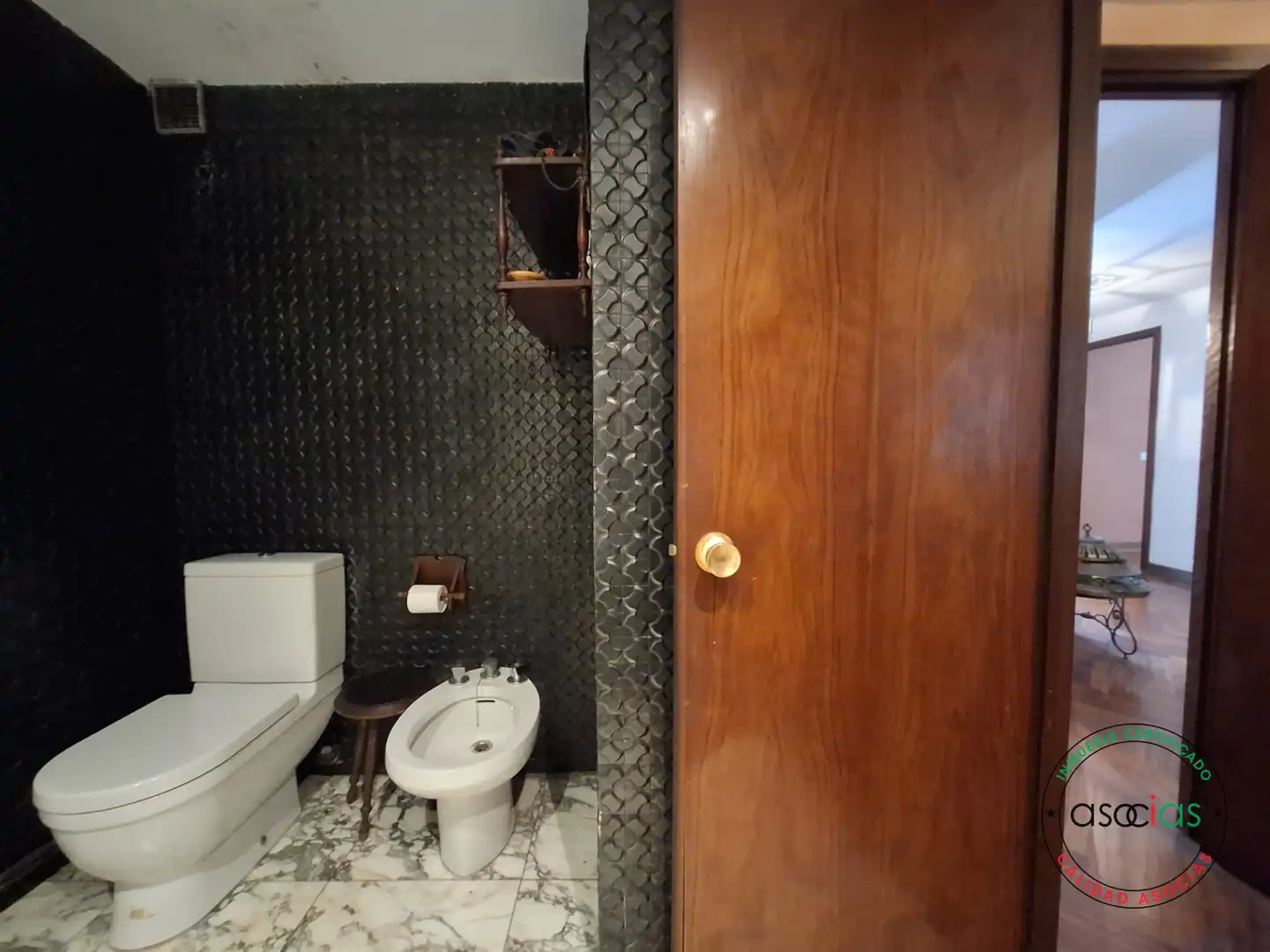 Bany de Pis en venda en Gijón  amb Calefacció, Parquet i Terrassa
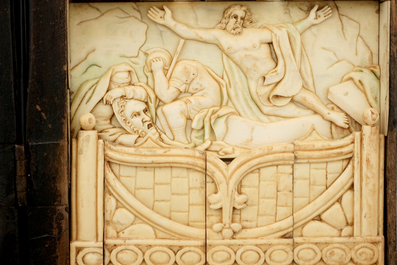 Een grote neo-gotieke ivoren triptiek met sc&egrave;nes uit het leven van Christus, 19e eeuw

=====

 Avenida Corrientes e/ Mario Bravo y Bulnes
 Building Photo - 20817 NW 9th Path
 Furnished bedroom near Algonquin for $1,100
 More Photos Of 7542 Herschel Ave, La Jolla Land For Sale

=====

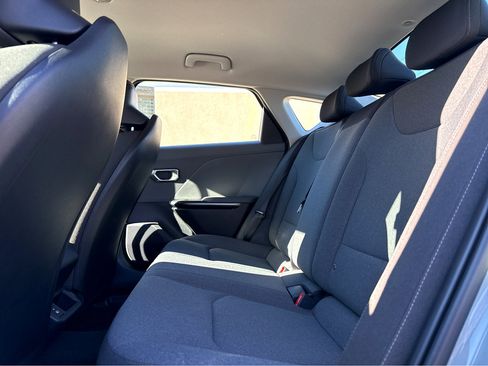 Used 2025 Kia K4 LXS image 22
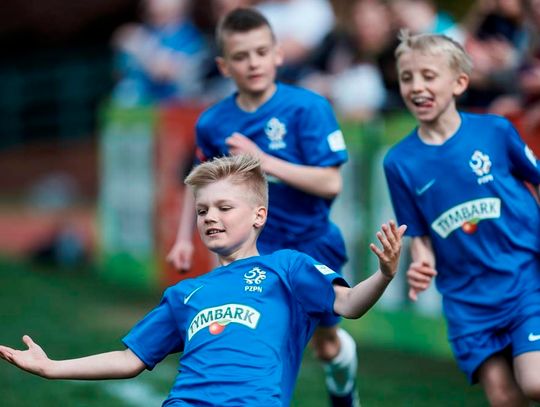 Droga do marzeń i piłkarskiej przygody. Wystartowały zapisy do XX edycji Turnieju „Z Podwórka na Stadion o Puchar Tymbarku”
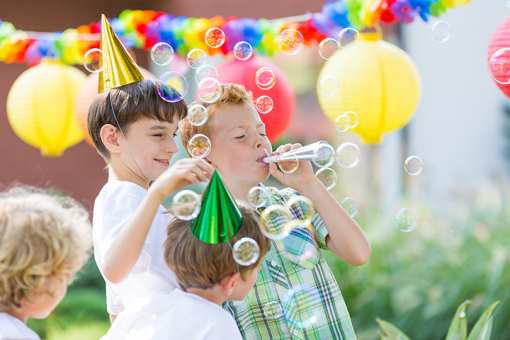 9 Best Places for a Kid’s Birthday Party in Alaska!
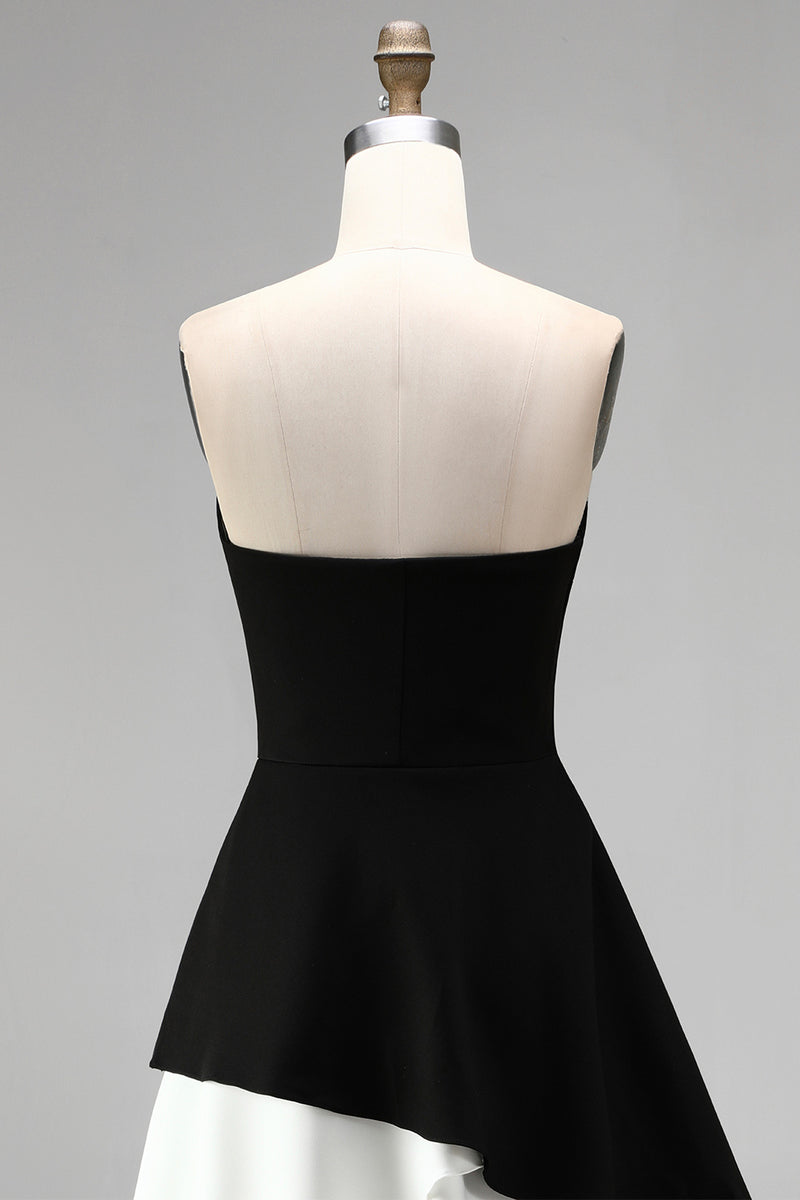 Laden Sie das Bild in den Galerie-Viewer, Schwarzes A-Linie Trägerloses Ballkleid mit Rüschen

=====

Above this task is a listing with pictures in it. Retype only the lines from the one containing "Bany de Pis" through the one containing "Een grote neo-gotieke", both included, and not the pictures.

- Exercise output:
 Bany de Pis en venda en Gijón  amb Calefacció, Parquet i Terrassa
 Een grote neo-gotieke ivoren triptiek met sc&egrave;nes uit het leven van Christus, 19e eeuw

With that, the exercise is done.